It's been quite a long time since my last post! Perhaps you were thinking that I was going to be like any other blogger who starts to write about something then lets it die. Nope. And it's not that my life hasn't had a lot going on in it lately, either. I could have written about plenty.
I could have written about going to my undergrad in Iowa and presenting at Dordt's annual "Hug a Linguist" seminars. I could have talked about what a great trip it was but how it reminded me that I need to prepare different sorts of messages for different audiences (I think my presentations were a little too academically weighty for most of the undergrads). I was also thankful that Sioux Center doesn't make me wish I had chosen differently. I'm pretty content with life in BC because I believe that's where God asked me to go.
I could have written about all my fun times with friends over the past semester. We celebrated American Thanksgiving in style with cinnamon buns for breakfast, birthday celebrations at lunch, and a huge potluck at school in the evening. I've watched movies, sat in hot tubs, gone to the US, gone shopping, etc.

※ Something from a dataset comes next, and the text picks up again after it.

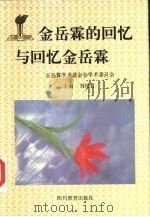 金岳霖的回忆与回忆金岳霖（1995 PDF版）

I could have written about my massive assignments. I took over the library with my 17 pieces of discourse chart spread out along a wall and wrote a paper in two days (not something I was particularly proud of, but it happened). I read a biblical passage in Greek in order to look for key words in a paper on the interpretation of Acts 17. Lots of other things, but Christmas break has muddled my mind as to academics last year. I could have written about all the things I learned.

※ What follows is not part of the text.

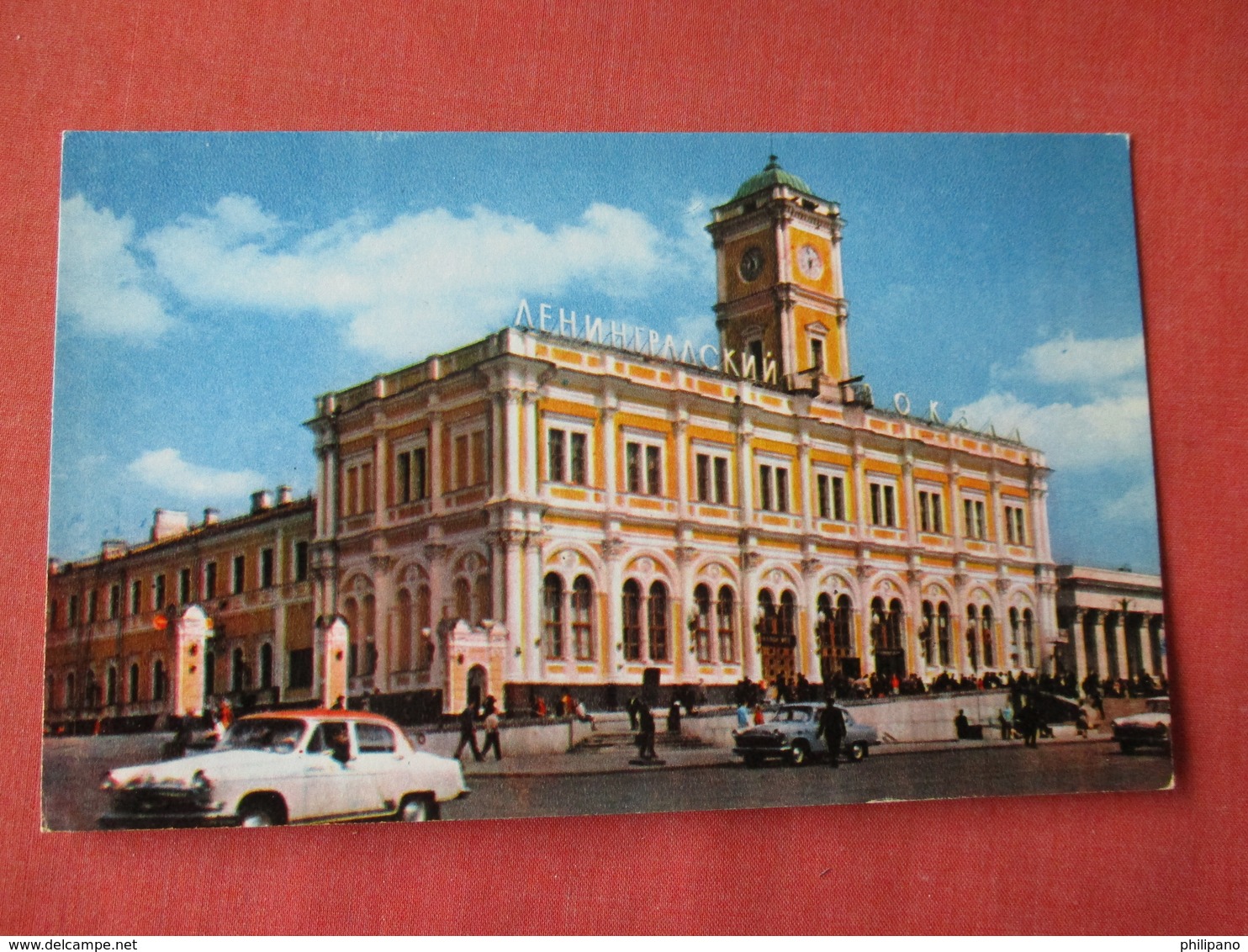 The Leningrad Railway Terminal  ---Russia Moscow--  Ref 3160 - Russia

But I lacked the heart. Perhaps for the past few months I've stopped seeing life as part of an adventure and more like something to get through. Now you may be thinking, oh great. Here comes the "I've had a rough time but I've come through on the other side" blog. Nope. If you're anything like me, you can stop that internal rant about people just talking about their struggles when they're past them. I'm not doing that. I'm just finally ready to talk about my struggles a little bit. I'm still in the midst of them.
In fact, I was able to articulate what's been going on for me just a few weeks ago when I was home with my parents over Christmas break. I told them I felt afraid and alone and lost. Just naming the looming fears inside me helped a lot.

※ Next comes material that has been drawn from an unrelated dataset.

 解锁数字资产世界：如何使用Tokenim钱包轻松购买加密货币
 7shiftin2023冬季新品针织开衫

And now it's been months since Christmas, and I still haven't put out this blog. Probably because I'm still working through so much. The struggle feels distant because I've chosen to put my questions and hauntings on the back burner. I need to get through school right now. I'm not afraid anymore, and I usually don't feel too alone. But I do feel lost and broken.
I suspect that God wants me in ministry long-term, but I can't minister from the state I'm in right now. I need to take time to figure out the basics and connect to God on a heart level. I know the right answers, but it's not good enough. I want to feel deeply convicted about who Jesus is to me and what difference God makes in my life. Beyond culture or comfort, I want the Gospel to be alive to me so that I can testify about the Kingdom of God in truth. I'll explain more later, but now I feel like this post needs to stop sitting in my drafts.
Pray for me. Some days are filled with light and life, and some days are a desolate wasteland. I'm not really sure why, and I can't predict my moods. I will choose, though, to put my hope in the Lord. I will not let him go until he blesses me. And I will count those blessings every time I start to slip into despondency.